Why the about-face? The answer involves federal sentencing guidelines for businesses, prescribing stiff mandatory penalties for white-collar crimes such as fraud. The sentencing guidelines also tell how companies can lower their odds of being charged with a crime in the first place: by cooperating fully with the federal investigators. And the government has been refining and tightening its definition of cooperation — with broad implications for how U.S. companies interact with employees.

Recent changes, contend critics who include attorneys for some KPMG staffers, encourage companies to break faith with their own employees, making it harder for them to avoid self-incrimination. The critics say that companies, to avoid facing charges themselves, now sometimes feel obliged to fire people, snitch on them, refuse to pay their legal fees and withhold documents they need.
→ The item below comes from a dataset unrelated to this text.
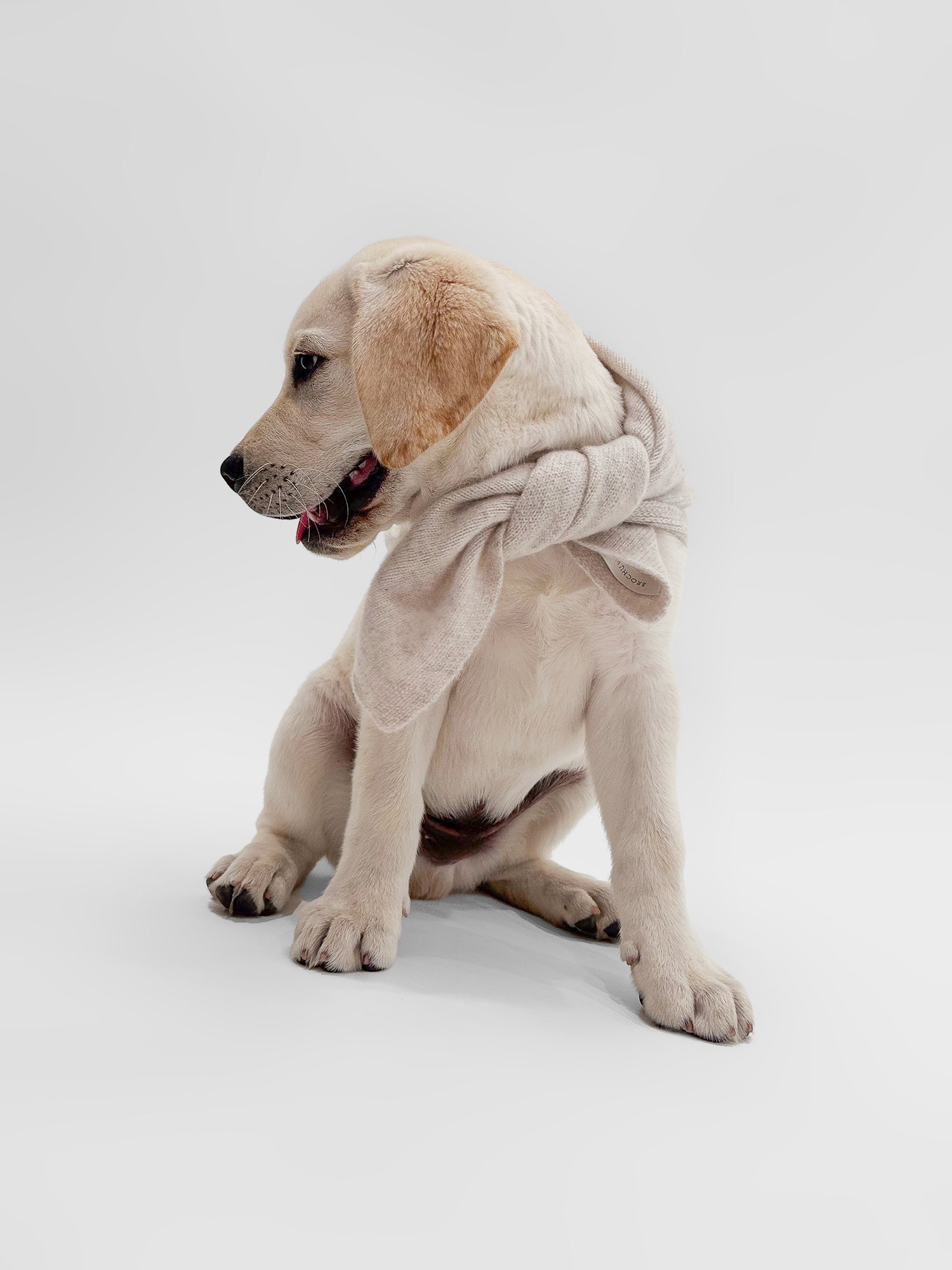 The Cashmere Dog Bandana - 1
And the price of not cooperating with the government? Based on recent cases, the price is extremely high:

Companies can ill afford to ignore the guidelines because criminal charges, even without a conviction, take a severe toll. This is especially true for financial-services companies. The damage is evident in the fate of such once-mighty firms as Drexel Burnham Lambert and Arthur Andersen LLP, which later faced criminal charges. Drexel folded and Andersen all but disappeared, with a remnant today of only 215 employees.

For a partner like Mr. Eischeid in a firm such as KPMG, the choices and stakes in such a criminal investigation are also extremely high:

After Mr. Eischeid learned prosecutors were interested in him, KPMG gave him a choice. He could cooperate with the investigators, and the firm would pay his legal fees. Or he could go it alone, in which case he would have to foot his own legal bills and would risk being fired.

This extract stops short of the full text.